▶ [ABOUT THIS TASK]:
Give back, unaltered, the lines from the one with "pg-paysages-amenagement-1" to the end of the material, omitting pictures.

▶ [AVAILABLE DATA]:
__________________________________________________

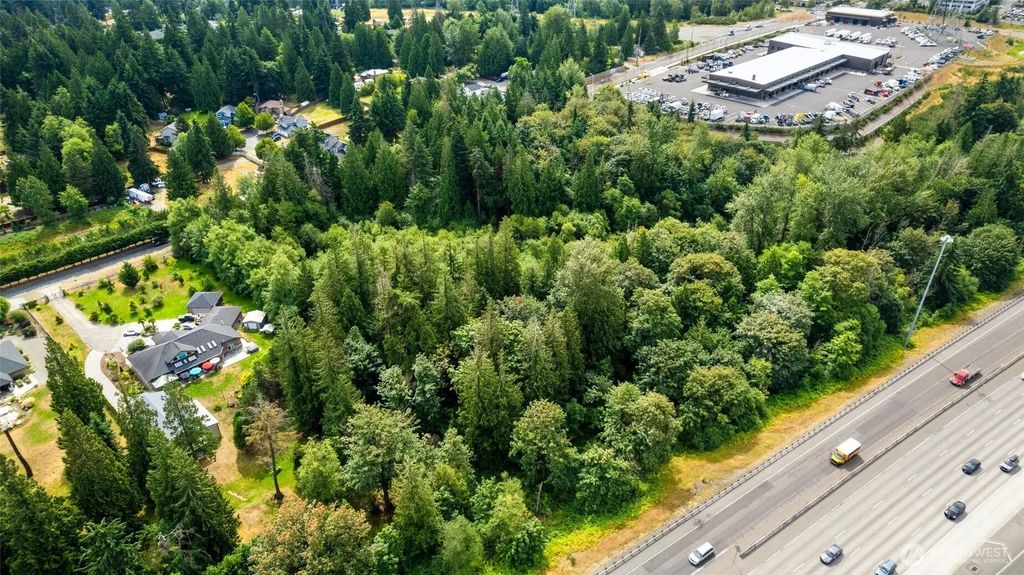 31 Xxx 32nd Avenue S, Federal Way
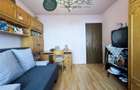 Apartament cu 2 camere decomandat în Zorilor - 3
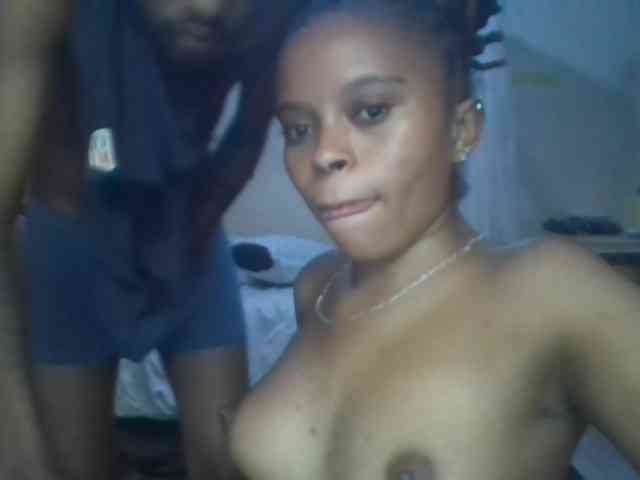 sweetdickpussy2 webcam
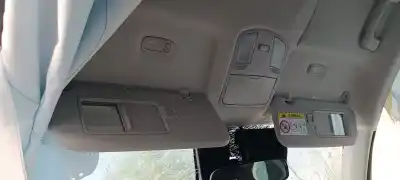 Утилизация автомобиля kia stonic (ybcuv) black edition года 2022 питание g3lf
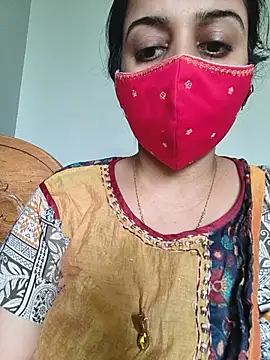 Tamil_shalini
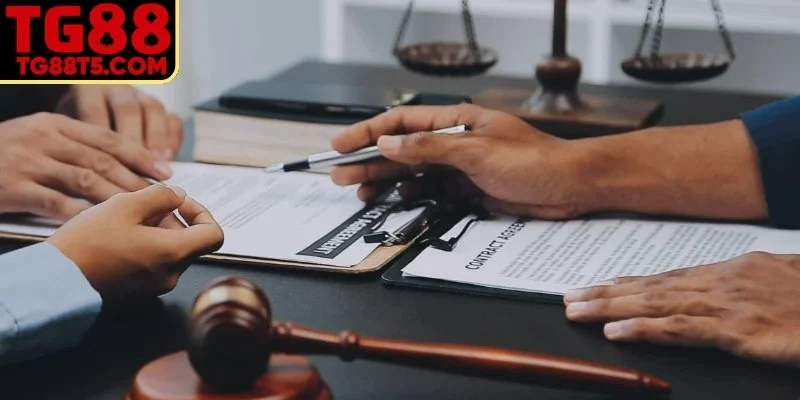 Nghĩa vụ và quyền lợi tối cao của người chơi khi tham gia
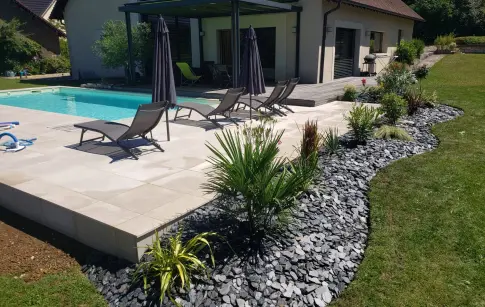 pg-paysages-amenagement-1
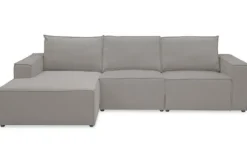 Outlet Loungebank Belone Elementen Banken|Loungebanken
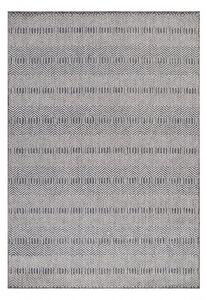 Ayyildiz Kusový koberec ARUBA 4903, Šedá Rozměr koberce: 200 x 290 cm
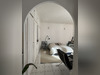Ma-Cabane - Vente Appartement Paris, 27 m²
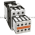 Siemens 3RT1 025-1BB44-3MA0 Contactor Product Image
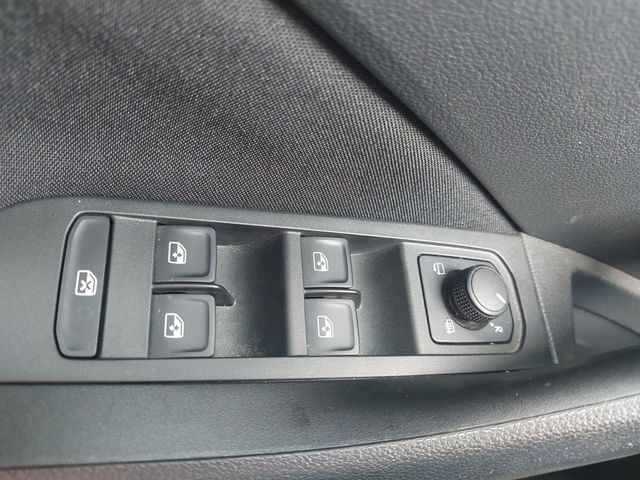 Scala 1.5 TSI Style *DSG*LED*PANO*DAB+*PDC*SHZ*N
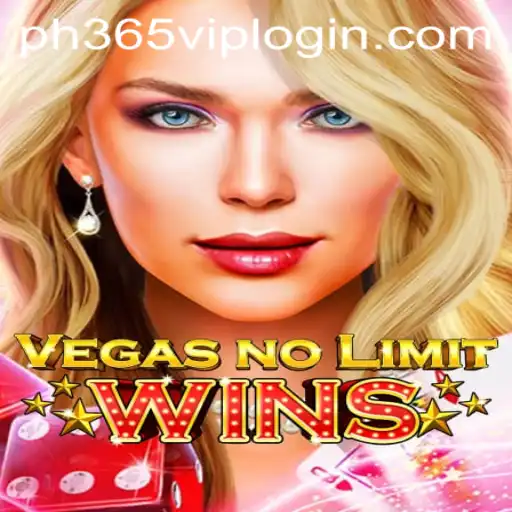 Exploring the Dynamic World of VegasNoLimitWins: An In-Depth Guide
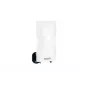 Antenna di rete Maximum DA-6100 tipo F 20 dBi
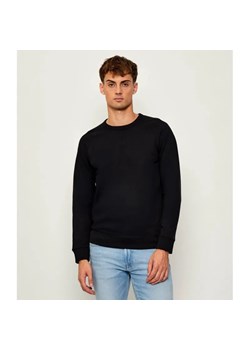 Replay Bluza | Regular Fit ze sklepu Gomez Fashion Store w kategorii Bluzy męskie - zdjęcie 185742240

__________________________________________________

▶ [RESULT BELOW]:
 pg-paysages-amenagement-1
 Outlet Loungebank Belone Elementen Banken|Loungebanken
 Ayyildiz Kusový koberec ARUBA 4903, Šedá Rozměr koberce: 200 x 290 cm
Ma-Cabane - Vente Appartement Paris, 27 m²
 Siemens 3RT1 025-1BB44-3MA0 Contactor Product Image
 Scala 1.5 TSI Style *DSG*LED*PANO*DAB+*PDC*SHZ*N
 Exploring the Dynamic World of VegasNoLimitWins: An In-Depth Guide
 Antenna di rete Maximum DA-6100 tipo F 20 dBi
 Replay Bluza | Regular Fit ze sklepu Gomez Fashion Store w kategorii Bluzy męskie - zdjęcie 185742240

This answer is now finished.